New fathers are often more familiar with their baby's reflexes than they think. Although you may not officially be aware of what they are, or know the names of them, these reflexes involve things you probably notice your baby doing every day. For example, you observe the rooting reflex when your baby looks for the breast or a bottle when he is ready to eat and his cheek is stroked.
Why does your baby tightly grab your finger when you put it into his hand? That's the palmar grasp reflex. The plantar grasp reflex causes the same thing to happen on his foot. In addition to being the easiest to recognize, these grasping reflexes also are often the last to disappear. The palmar grasp reflex doesn't usually go away until your baby is five to six months old. And the plantar grasp won't disappear until even later, when your baby is nine to twelve months old.
Infants are born with reflexes that help protect them in their environment. For example, the Moro or startle reflex might protect your baby if something covers her face all of a sudden. The parachute reflex, in which the arms extend if your baby falls forward, can protect her as she learns to walk. And the rooting and sucking reflex can help her to eat.
Observing these reflexes and the time at which they go away can help to make sure that your baby is growing and developing normally. The average dad doesn't need to be testing these reflexes on a regular basis, though. For most dads, it is just a fun thing to notice. Your pediatrician will be checking all of your baby's reflexes at his well-baby exams, and will pay special attention to them if you have any concerns about your baby's development. There are several other reflexes your pediatrician will check that you may also notice as you watch your baby.
Moro or Startle Reflex
This reflex is one of the easiest for parents to recognize. After your pediatrician stimulates this reflex, your baby should throw his arms and legs outward, cry, and then draw them back in. The Moro reflex also can occur if your baby is surprised or startled by a loud noise or if you quickly change his position.
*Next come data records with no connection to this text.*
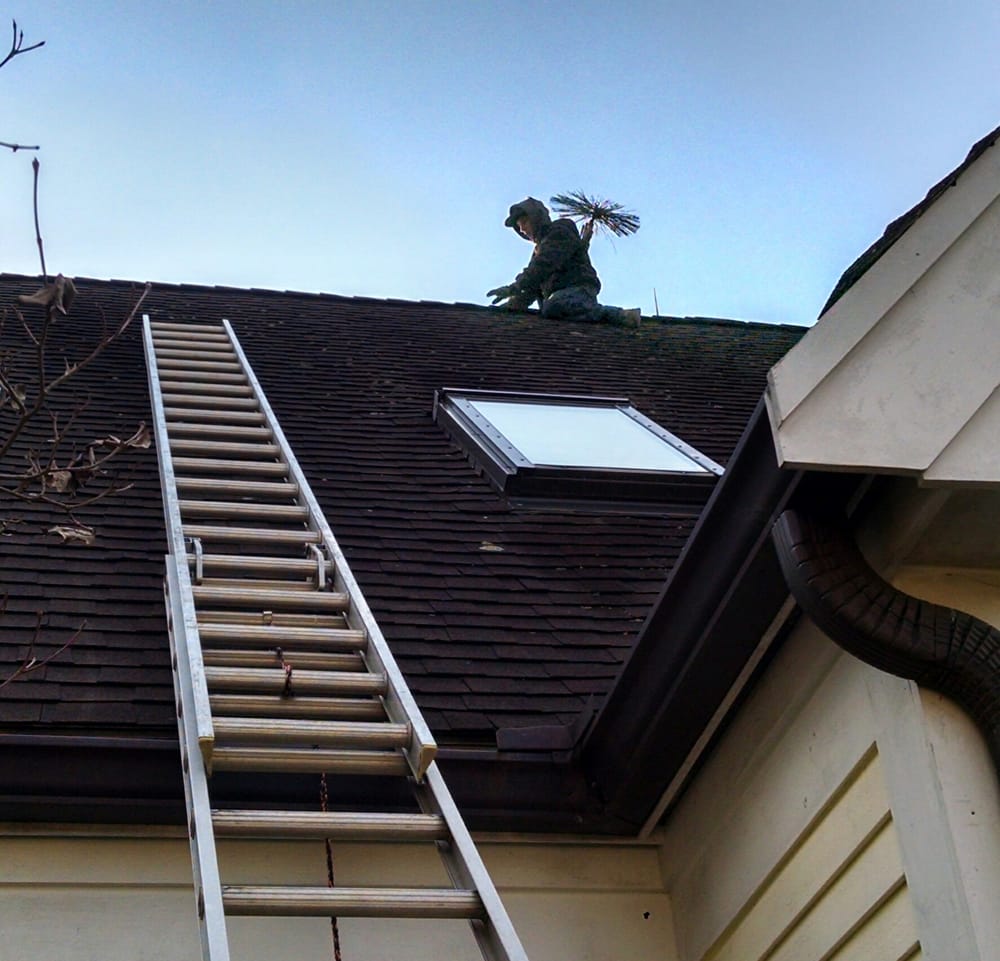 Justin Thyme Chimney Sweeps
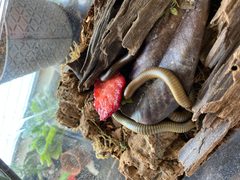 Millipedes eating a strawberry by Anonymoose XVI. Used under a CC BY-SA 4.0 license.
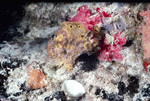 Sponge and Coral Near St. Croix, United States Virgin Islands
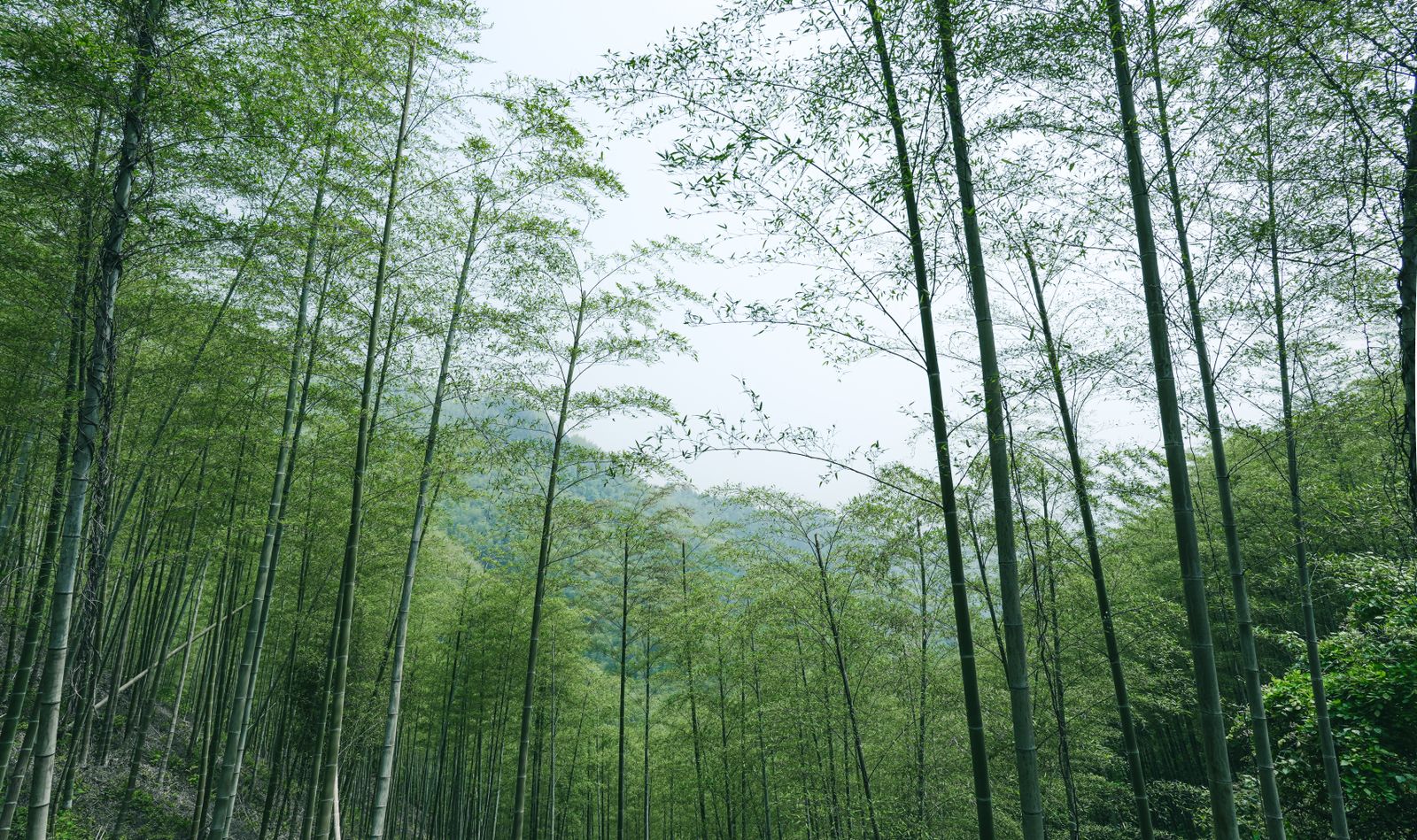Carbon & Climate Projects
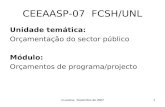 J.Lucena, Novembro de 20071 CEEAASP-07 FCSH/UNL Unidade temática: Orçamentação do sector público Módulo: Orçamentos de programa/projecto.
If your baby doesn't have a Moro reflex or only responds with one side of his body or one arm, it can indicate a problem that your pediatrician will want to investigate. The Moro reflex is present at birth and usually goes away by two months.
Tonic Neck Reflex
This is an interesting reflex when you see it. In response to turning his head to one side, this reflex causes a relaxed baby to straighten his arm on that side and bend his other arm. If you then turn his head to the other side, he will reverse the positioning of his hands. The tonic neck reflex usually goes away by five to six months. This is one of the harder reflexes to see, so don't be surprised if you never see your baby getting into this "fencing position."